• _TASK TO CARRY OUT_
Exactly as written, copy every line from the one containing "Blackdog Modèles 1/72" through the end of the records, with the pictures left out.

--- RECORDED INFORMATION ---

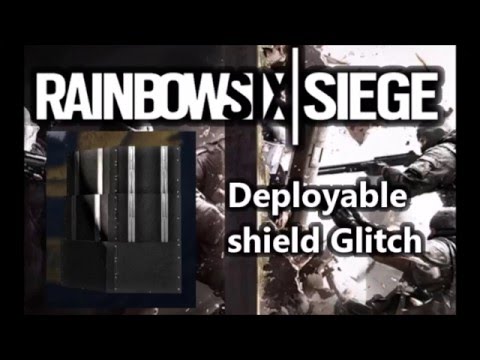 New Deployable Shield Glitch (PATCHED) - Rainbow Six Siege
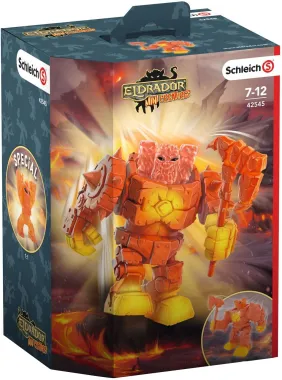 Schleich Eldrador Creatures 42545 : Cyborg de Lave
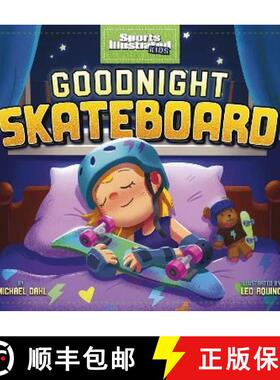【3-4周达】Goodnight Skateboard [9781398249059]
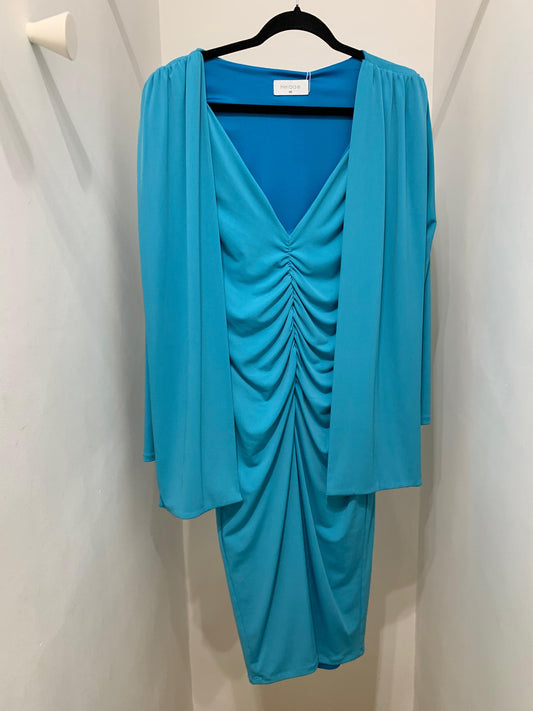 Vestido Heloise Turquesa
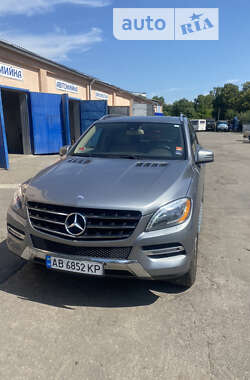 Внедорожник / Кроссовер Mercedes-Benz M-Class 2012 в Жмеринке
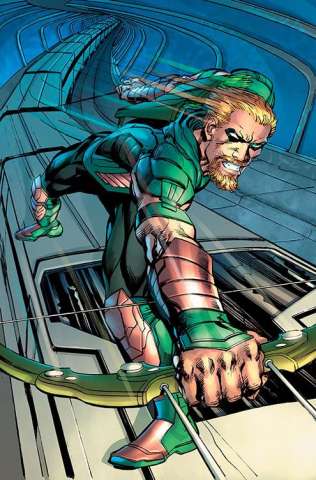 Green Arrow #10 (Variant Cover)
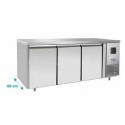 TAVOLO REFRIGERATO 60 cm - 3 PORTE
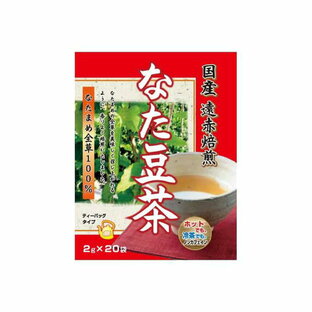 ユニマットリケン なた豆茶 2g x 20袋の画像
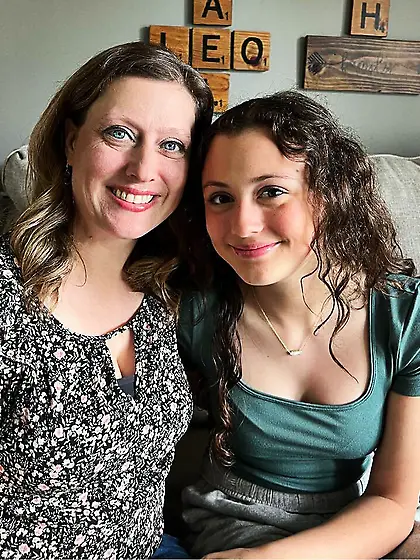 Mom and Daughter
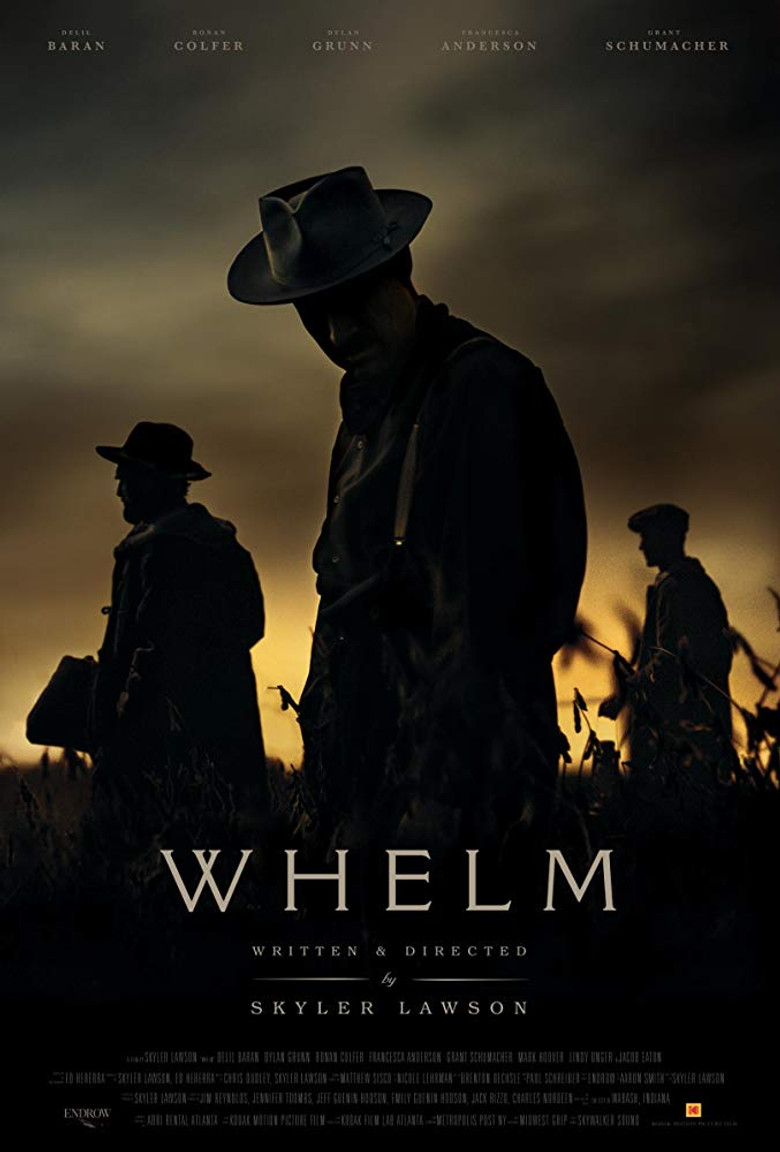 Whelm poster background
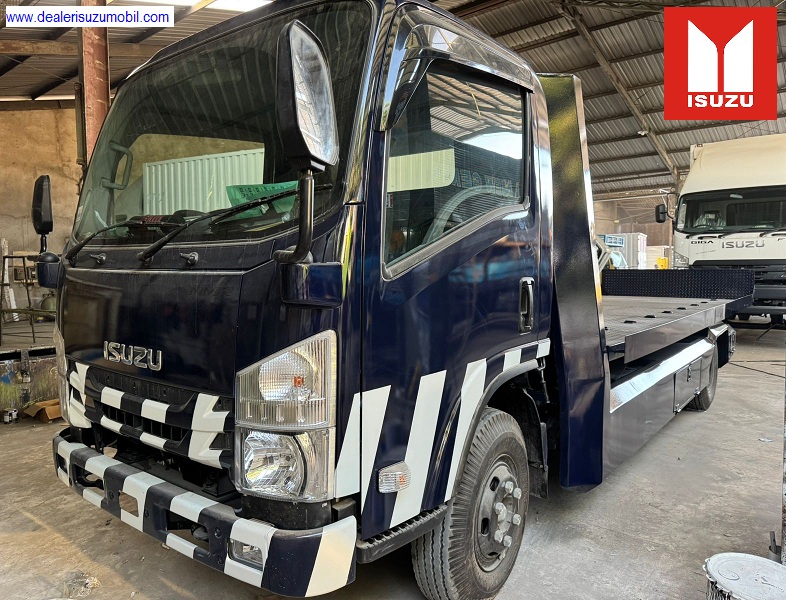 ISUZU NMR L euro 4 aplikasi Towing automatic ISUZU NMR L euro 4 aplikasi Towing automatic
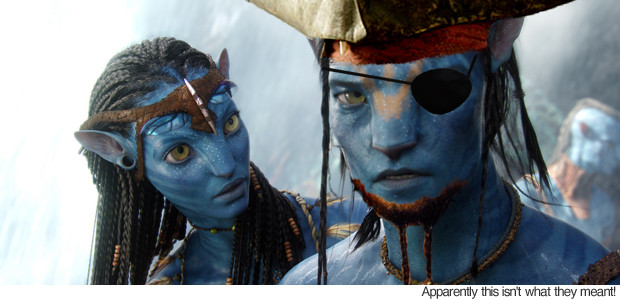 Το Avatar η πιο… πειρατική ταινία του 2010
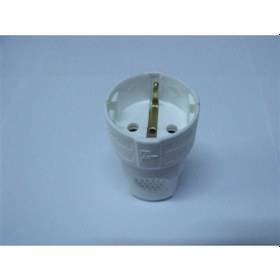 Resim Topraklı Dişi Fiş 2li Paket 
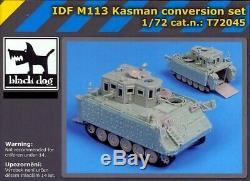 Blackdog Modèles 1/72 Defense Force M113 Israelien Kasman Résine Set Détail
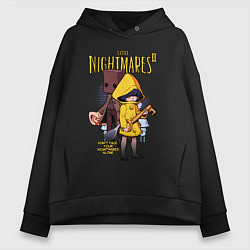 Женское худи оверсайз LITTLE NIGHTMARES 2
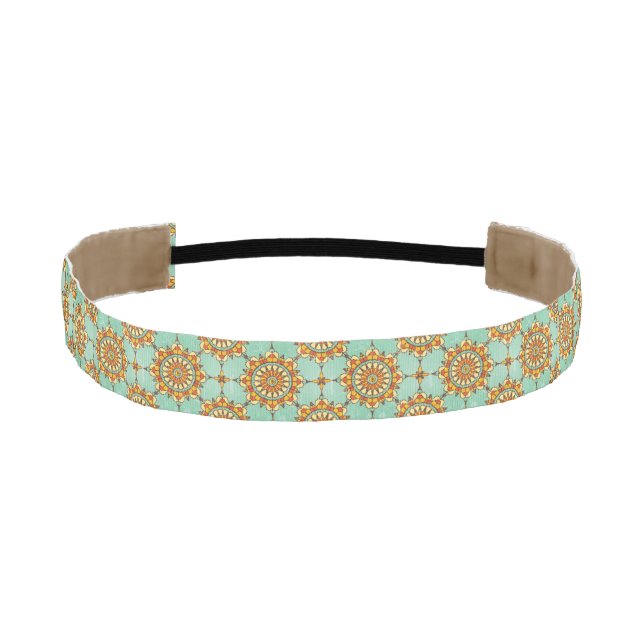 Cinta Para La Cabeza Modelo ornamental (Anverso)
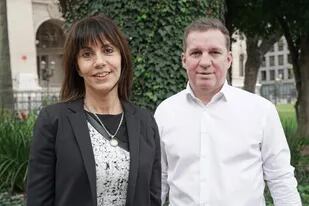 Marta Liotto y Guillermo Bielli, los líderes de la lista ganadora en las elecciones de CUCICBA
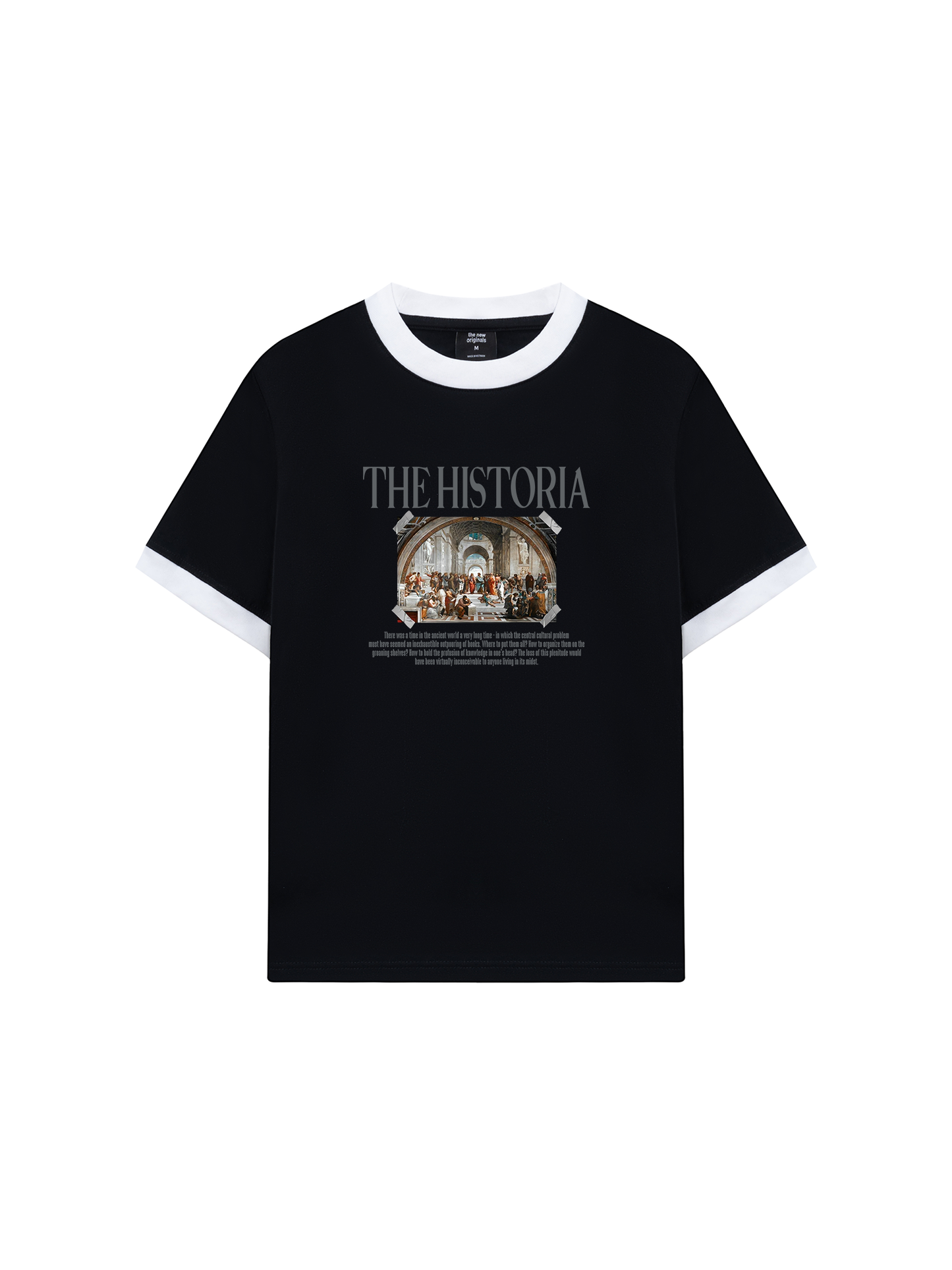 Áo Thun Ringer Relaxed Fit The Historia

---

• _RESULT FOR THIS EXERCISE_
 Blackdog Modèles 1/72 Defense Force M113 Israelien Kasman Résine Set Détail
 Женское худи оверсайз LITTLE NIGHTMARES 2
 Cinta Para La Cabeza Modelo ornamental (Anverso)
 Marta Liotto y Guillermo Bielli, los líderes de la lista ganadora en las elecciones de CUCICBA
 Áo Thun Ringer Relaxed Fit The Historia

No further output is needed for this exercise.